Devine also said Clinton picked up most of her pledged delegate lead in states where the Sanders campaign didn't compete, which he named as Texas, Alabama, Virginia, Louisiana, Tennessee, Mississippi, Georgia and Arkansas.
But there's a bit of a problem with that argument. Sanders did contest at least some of those states: he campaigned in many of those states, put staff on the ground and even spent money on TV ads. In Texas, for example, he had seven offices around the state, the first of which opened in November for a March 1 primary; he also put a small amount of advertising into the state.

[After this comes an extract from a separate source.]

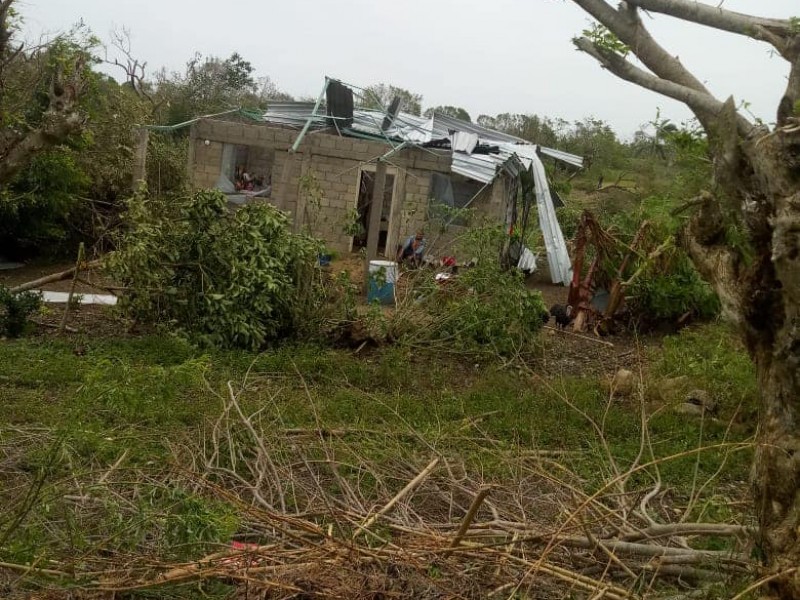 Más de mil casas destechadas en Tuxpan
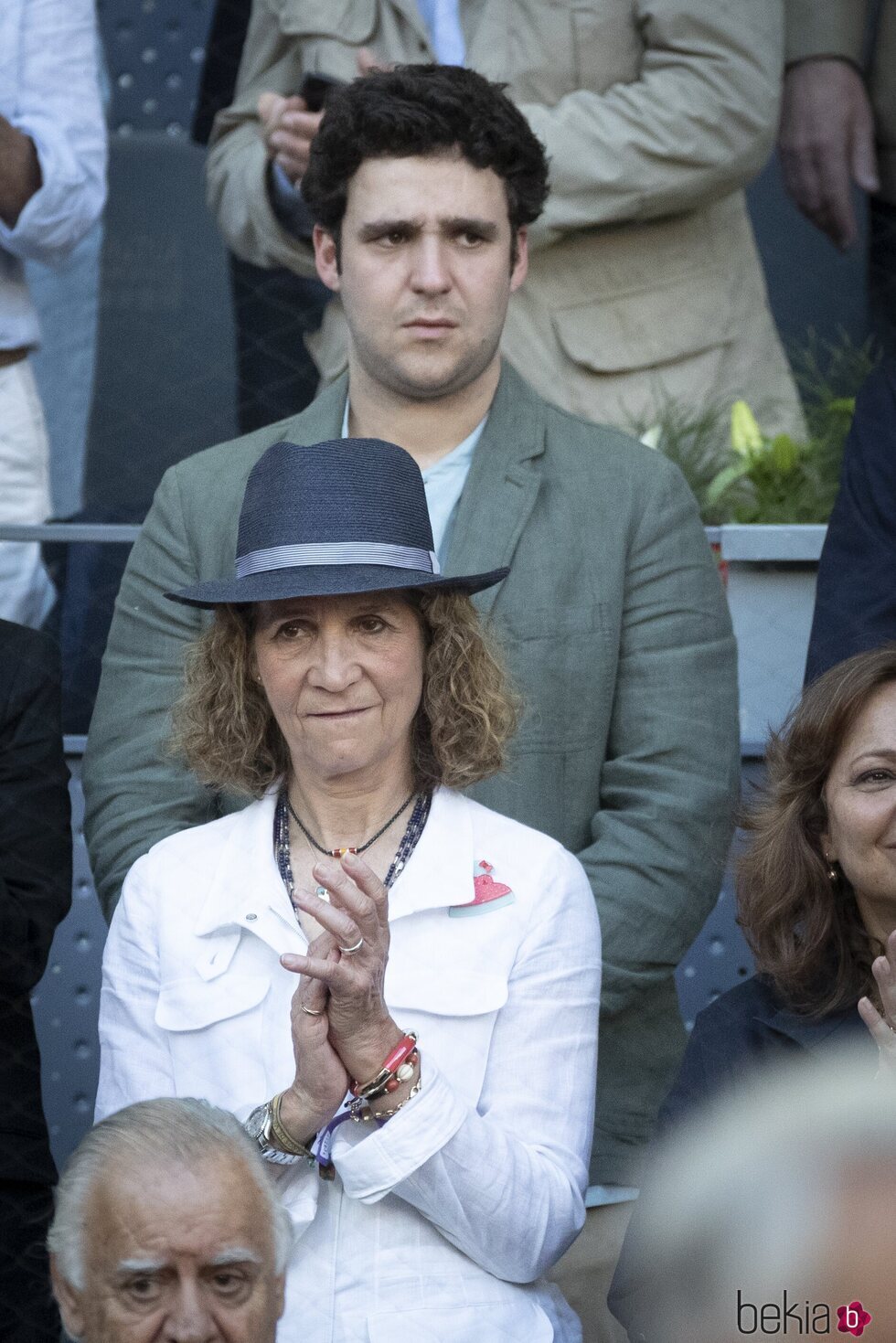 La Infanta Elena y su hijo Froilán en la final del Mutua Madrid Open 2022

And if Sanders is going to catch up delegate-wise, he can't really afford to skip any states going forward.
The superdelegates
Sanders' path to victory also includes something he thus far has not had great success with: winning over more superdelegates.
Jeff Weaver, Sanders' campaign manager, said Monday that the campaign is in "regular contact" with potential superdelegate backers, many of whom aren't ready to make their support public. (Still, "we don't have like 300 superdelegates waiting to endorse Bernie tomorrow," Devine quipped.)
The problem is that there really aren't that many uncommitted superdelegates left, at least compared to past years. Of the just over 700 total superdelegates, almost 500 have already backed a candidate (with Clinton leading among them 469 to 29).
As for flipping superdelegates, it's certainly possible--but even in 2008, only a few dozen superdelegates who'd committed to Clinton switched their allegiance to Obama while the contested primary was still going on. And that year, unlike in 2016, far more superdelegates remained uncommitted early on in the primary, so when they backed Obama they weren't actively switching candidates.
"To make a legitimate case to the superdelegates--pledged or not--Sanders is going to have to win somewhere (or a number of somewheres) where he is not expected to win: closed primaries," Putnam said.
The history
As Clinton spokesman Brian Fallon noted on Twitter the night of the March 15 primaries, Clinton's delegate lead is already significantly bigger than President Obama's ever was during the 2008 race. Currently, the gap in pledged delegates is just over 250; in 2008, Obama's lead over Clinton hovered around 100 delegates.
Clinton stayed in the race until June, working hard to rack up delegates wherever possible -- and she even had some big victories, in places like Ohio, Texas and Pennsylvania. Still, those victories weren't enough to help her overtake Obama's delegate lead.
One thing Sanders does have going for him is money: he's far better funded than most primary challengers, and his campaign announced Monday that he'd raised $4 million since his caucus victories last Saturday. But that still doesn't make it easy for him to have the kind of blowout wins he'd need to really get ahead in the delegate count.
Seyfang said Sanders has already far exceeded expectations for his campaign, but that it doesn't change how hard the math is for him going forward.
"They have a lot to be proud of -- it really is a very impressive showing," he said. "I don't want to say it's impossible -- because it isn't -- but it's just really, really, really pushing the bounds of plausibility."